The Ascension says the wilderness is behind Him. Every last corner of it. The wrath-bearing, the contradiction, the grave, all behind Him. He came out fully, finally, with nothing left to do. The cup drained. The grave empty. The battle won. He who descended into the lowest parts of the earth ascended far above all heavens, that He might fill all things.
The church in her wilderness lives on that fact. Her Head came in and out of it. The anchor is cast within the veil. The Bridegroom is home. Every dark ravine He passed through as Head of His body, and the body must follow the Head. It is simply not possible for Him to reign in glory and His people to perish in the waste.
He comes out perfumed.
Myrrh and frankincense, with all powders of the merchant. Altar smoke in Scripture rises from accepted sacrifice. The Ascension cannot be pulled loose from the cross. He entered heaven in the virtue of His finished oblation, carrying the fragrance of a perfect obedience and a spotless life into the holy place made without hands. Every act of His humiliation was without defect. Every drop of His blood was precious. God received it with everlasting pleasure.
Dear one, our acceptance with the Father rises from that fragrance, and from nothing in us. Christ stands in the presence of God perfumed with myrrh and frankincense. The Heidelberg Catechism says in Lord’s Day 18: He is our Advocate there, and we have our flesh in heaven as a sure pledge that He, as our Head, will take us, His members, to Himself.
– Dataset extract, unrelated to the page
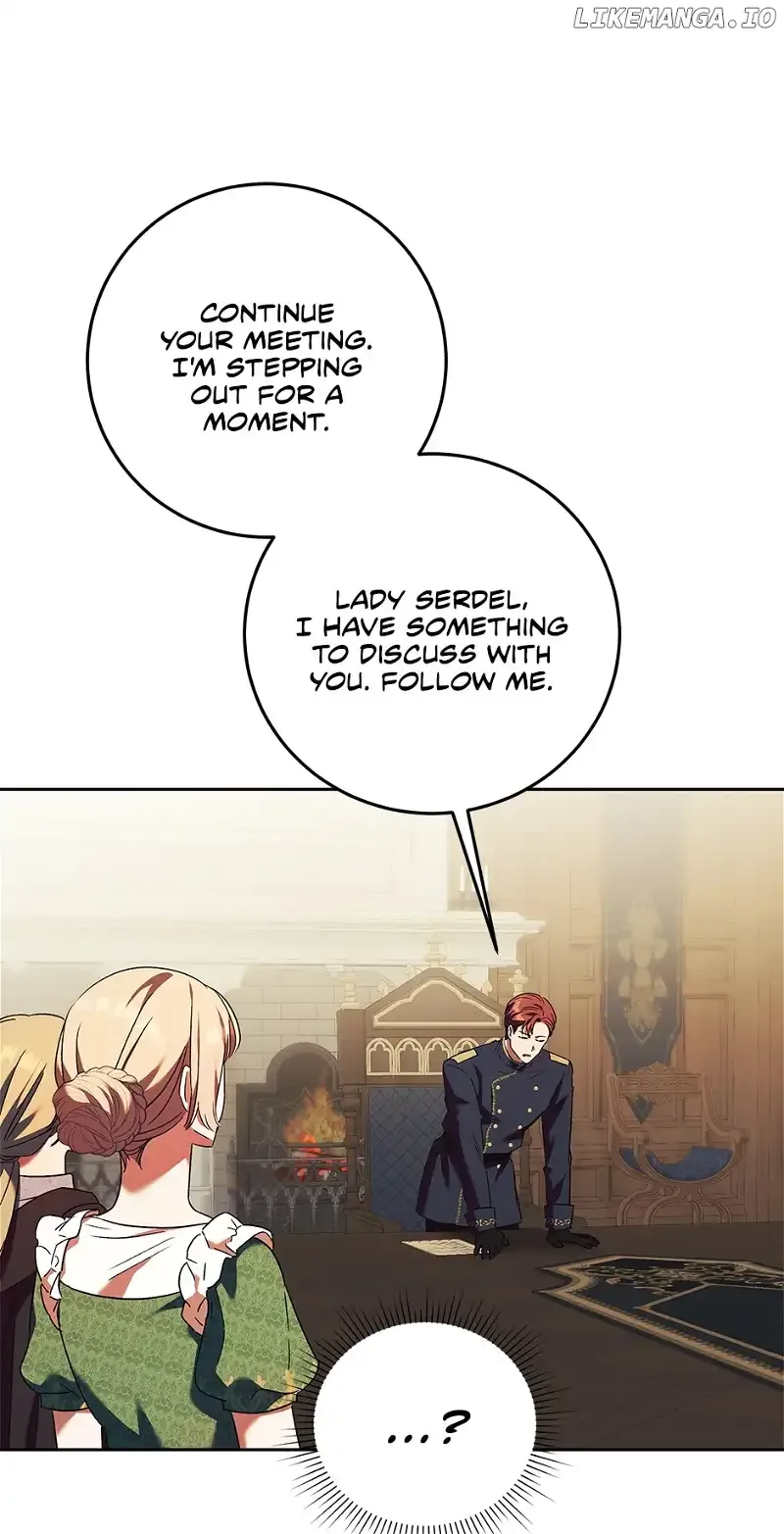 The Young Lady Who Broke Her Engagement Is Only Obsessed With the Ending Chapter 38 page 61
All the powders of the merchant. Every rare excellence carried with Him into the holy place. The full inventory of His merit is with Him. There is no need in His church that reaches beyond His sufficiency, no sin too deep, no conscience too battered, no prayer is too wordless.
He did not go silent at the throne.
I will not leave you comfortless: I will come to you. The cloud received Him out of their sight, and the first sound from the throne was Pentecost. He poured out the promise of the Father. From His victory He sent the Spirit with grace in His train, to make the absent Christ present to faith, to breathe life into dry bones, to turn a room full of frightened men into the mouth of God to the nations.
Ascension and Pentecost are a single movement. The Bridegroom enthroned sends Himself to His bride by the Spirit, until the day He comes for her in person.
So the church waits. She lifts her eyes unto the hills. She prays as one betrothed, knowing the One who went into heaven went there for her.
Who is this that cometh out of the wilderness?
Jesus. And He is coming again.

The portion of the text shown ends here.